Perhaps the most common is when the user is interacting with the application menu bar. In this case, several different private run loop modes such as com.apple.hitoolbox.windows.windowfadingmode or NSEventTrackingRunLoopMode. These can interrupt (and block!) your main thread CFRunLoop in order to process window system events or animations that need to be performed synchronously.
Let’s focus in for a moment on the line from the example above that adds the timer to the run loop:
CFRunLoopAddTimer(CFRunLoopGetMain(), timer_ref_, kCFRunLoopCommonModes);It has the following signature:
void CFRunLoopAddTimer(CFRunLoopRef runLoopRef, CFRunLoopTimerRef timerRef, CFStringRef modeName);The first argument takes a ref to the run loop. The timer passed in the second will be attached to the given run loop.
The modeName argument benefits from a closer inspection.

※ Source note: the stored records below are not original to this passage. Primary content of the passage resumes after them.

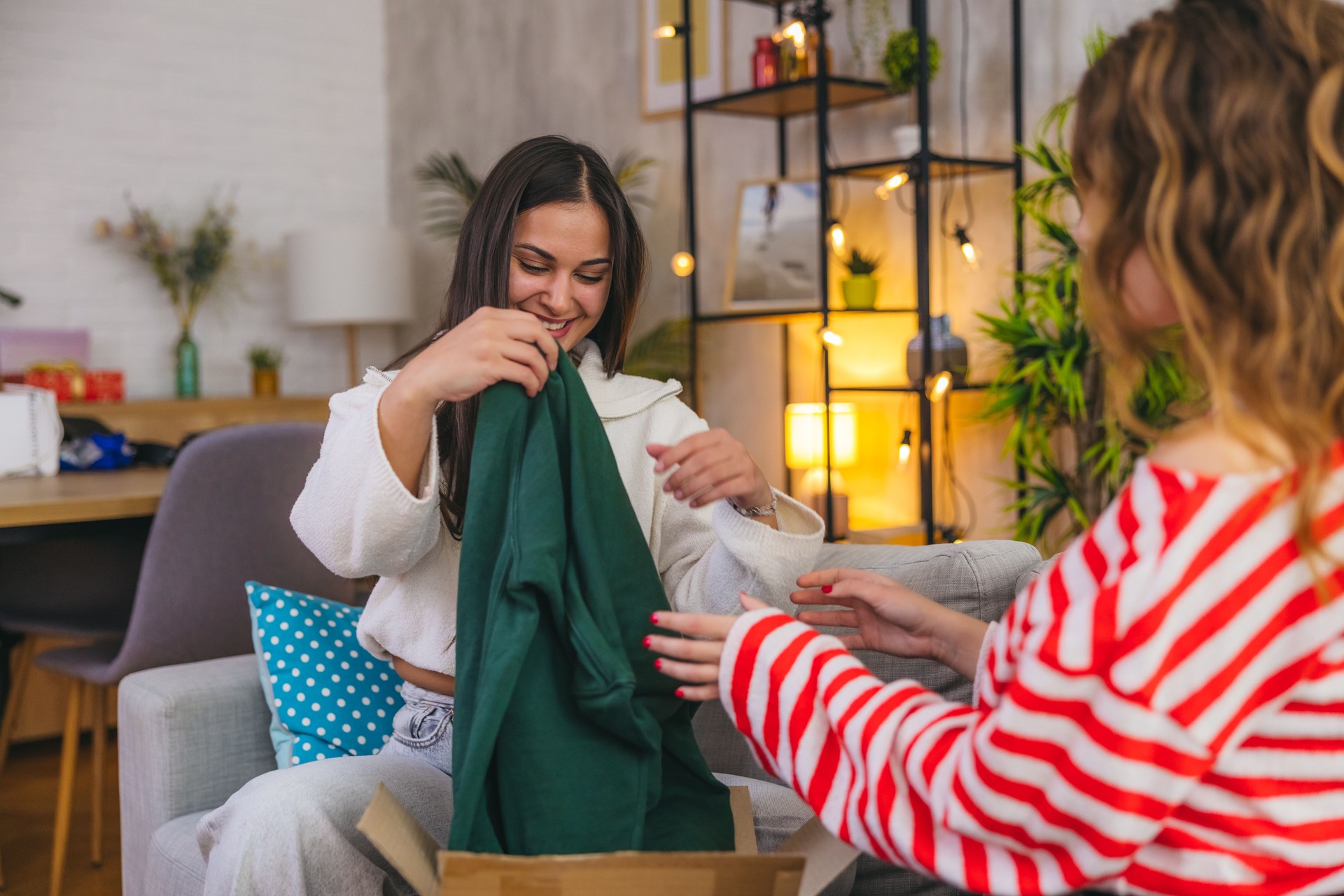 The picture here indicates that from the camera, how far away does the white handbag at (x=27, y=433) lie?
2506mm

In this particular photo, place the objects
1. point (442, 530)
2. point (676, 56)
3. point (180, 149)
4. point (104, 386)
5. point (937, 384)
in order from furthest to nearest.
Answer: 1. point (180, 149)
2. point (104, 386)
3. point (676, 56)
4. point (937, 384)
5. point (442, 530)

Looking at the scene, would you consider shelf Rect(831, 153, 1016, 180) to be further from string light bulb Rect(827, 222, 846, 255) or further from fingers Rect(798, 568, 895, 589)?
fingers Rect(798, 568, 895, 589)

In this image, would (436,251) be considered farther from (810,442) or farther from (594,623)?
(594,623)

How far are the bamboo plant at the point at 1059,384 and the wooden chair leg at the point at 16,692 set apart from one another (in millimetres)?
2411

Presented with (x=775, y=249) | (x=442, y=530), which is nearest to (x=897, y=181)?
(x=775, y=249)

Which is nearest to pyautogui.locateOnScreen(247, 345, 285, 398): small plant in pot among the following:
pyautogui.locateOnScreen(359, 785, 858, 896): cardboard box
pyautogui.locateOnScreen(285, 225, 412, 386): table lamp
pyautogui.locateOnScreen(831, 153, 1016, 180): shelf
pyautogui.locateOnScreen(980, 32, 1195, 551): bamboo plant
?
pyautogui.locateOnScreen(285, 225, 412, 386): table lamp

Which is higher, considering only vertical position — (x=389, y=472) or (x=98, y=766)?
(x=389, y=472)

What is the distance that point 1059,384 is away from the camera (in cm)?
276

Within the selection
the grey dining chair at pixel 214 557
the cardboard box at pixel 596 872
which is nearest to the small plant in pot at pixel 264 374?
the grey dining chair at pixel 214 557

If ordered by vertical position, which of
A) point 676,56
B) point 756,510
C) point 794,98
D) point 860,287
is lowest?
point 756,510

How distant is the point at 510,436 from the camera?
1071mm

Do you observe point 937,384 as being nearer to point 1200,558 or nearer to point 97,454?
point 97,454

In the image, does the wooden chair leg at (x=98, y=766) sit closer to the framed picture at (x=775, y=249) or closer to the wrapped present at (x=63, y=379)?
the wrapped present at (x=63, y=379)

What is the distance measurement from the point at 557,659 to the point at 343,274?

Let’s introduce our own mode, the “SelfishMode” which only runs tasks and timers we’re concerned with. Modifying the timer code above:
static const auto kSelfishMode = CFSTR("SelfishMode");
...
CFRunLoopAddTimer(CFRunLoopGetMain(), timer_ref_, kSelfishMode);If we run this, we find that nothing happens. Our timer never fires. So we will need to perform some additional setup.
Rather than call CFRunLoopRun() as we do above, we need to specifically ask for our run loop to run in our mode. Let’s update our entry point:
int demo_modes() {
static int counter = 0;
auto increment_counter = [] {
counter++;
println("count: {}", counter);
};
// Timer ticks every 100ms and prints the latest count
auto t = RepeatingTimer(Milliseconds(100), increment_counter);
// Enter the selfish run loop and stop being selfish after 1 second
CFRunLoopRunInMode(
/* mode */ kSelfishMode,
/* seconds to run in this mode */ Seconds(1).ToSecondsF(),
/* returnAfterSourceHandled */ false);
return 0;
}And with this, we see that our counter increments at our interval until the run loop expires one second later:
count: 0
count: 1
count: 2
count: 3
count: 4
count: 5
count: 6
count: 7
count: 8
count: 9
count: 10By the way, calling CFRunLoopRun and CFRunLoopRunInMode call CFRunLoopRunSpecific under the hood, only CFRunLoopRun uses kCFRunLoopDefaultMode for the mode. It looks something like this:
void CFRunLoopRun()
{
int32_t result;
do {
result =
CFRunLoopRunSpecific(CFRunLoopGetCurrent(), kCFRunLoopDefaultMode, 1.0E10, false);
} while (kCFRunLoopRunStopped != result && kCFRunLoopRunFinished != result);
}Take note of the result type returned here. It’s value will indicate whether the run loop was stopped, timed out, or finished all pending work. While CFRunLoopRunSpecific is private to the CoreFoundation API, we can get the run result when using the CFRunLoopRunInMode. This can be a helpful when you want to process all events that are pending and exit the run loop when the work is done.
Conclusion
In this initial post, we’ve introduced the basics of CFRunLoops and shared some background on what they are commonly used for. We then stepped through examples for scheduling timers, and how run loop modes are used. This covers a large aspect of what CFRunLoop is used for on the main thread: providing the application event loop, and servicing timers and async tasks.
In the upcoming post, I will share how we can establish CFRunLoops in multiple threads and use this to dispatch tasks between each one. I’ll share some benchmarks on how latency looks when posting cross-thread tasks, and compare to some alternative implementations.